Part of the 29-acre Field Station for the Study of Behavior, Ecology and Reproduction, the colony’s population has dwindled over the years, and 41 hyenas were donated to zoological parks across the world. Now, with just one behavioral research project at the colony led by UC Berkeley professor Frederic Theunissen, the research has not been able to attract enough funding to keep its doors open.
The animals, which eat a varied diet of exotic meats and bones, cost about $30 per day per animal, according to campus attending veterinarian Roger Van Andel.

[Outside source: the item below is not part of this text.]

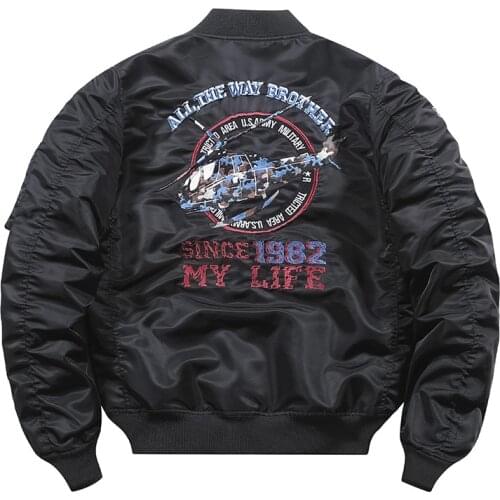 Brand Autumn Jackets Fashion Hip Hop Streetwear Black Army Bomber Jacket Men Casual Windproof Coat Embroidery Plus Size 4XL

The colony lost its funding from the National Institute of Mental Health in 2007. The institute had funded the research because of the potential links between hormones and social behavior, particularly aggression, Glickman said. But after the institute determined that the hyena research was not sufficiently relevant to the practical problems it sought to address, funding was discontinued. Between 2008 and 2013, the colony worked with grants from the National Science Foundation.

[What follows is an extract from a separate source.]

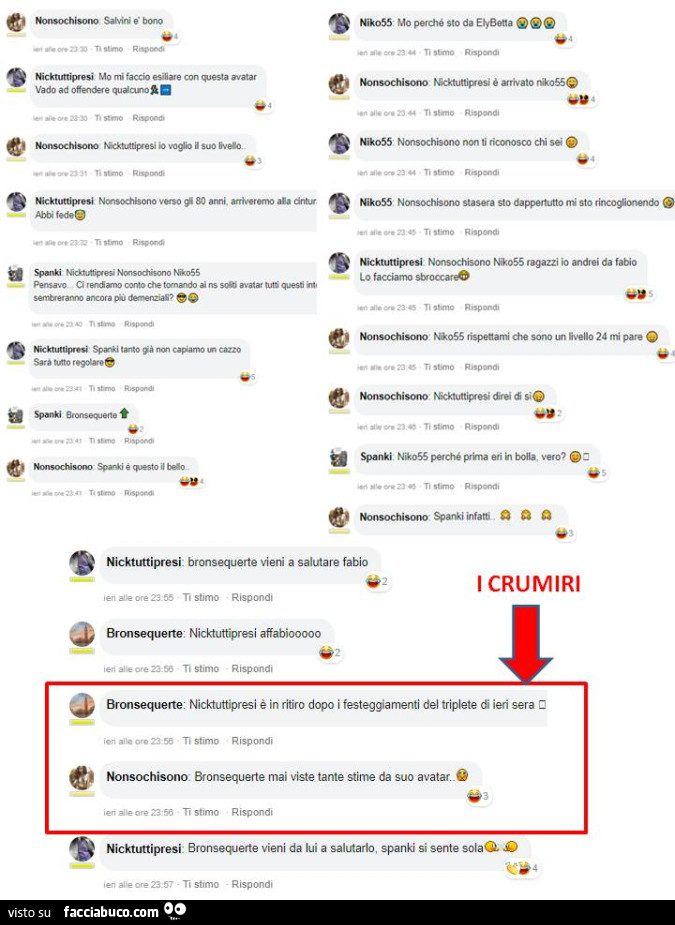 Per chi non lo sapesse, ieri sera lui aveva preso l'avatar di Barbyturiko e lei quello di FarangTao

For the past year, UC Berkeley has funded the project. But Robert Price, associate vice chancellor for research, notified researchers in an email that the campus would begin actively pursuing the relocation of the hyenas.
“It’s a great asset, but there is not enough people doing research. It would be great to support it if there were researchers interested in using it,” Price said. “Without any faculty research at the colony other than Fred Theunissen’s, we had to make the decision to close it.”
Colony manager and research specialist Mary Weldele, who has been with the animals for 29 years, has seen five of the hyenas adopted out in the last few years, but there are still many that need homes. Most of her work today is centered around finding the right place for the remaining carnivores.
“They are all going to homes. Probably one will go in May and a couple more after that,” Weldele said. “It will take a few months, and they will be going to retirement homes, basically. They won’t be participating in any research.”
In 1984, Glickman — who is now retired — and his then-graduate student Laurence Frank traveled to the Maasai Mara region in Kenya, where some hyena cubs were struggling to survive. Locals encouraged Glickman and Frank to take as many as they could in an attempt to protect their cattle, which are easy prey for hyenas.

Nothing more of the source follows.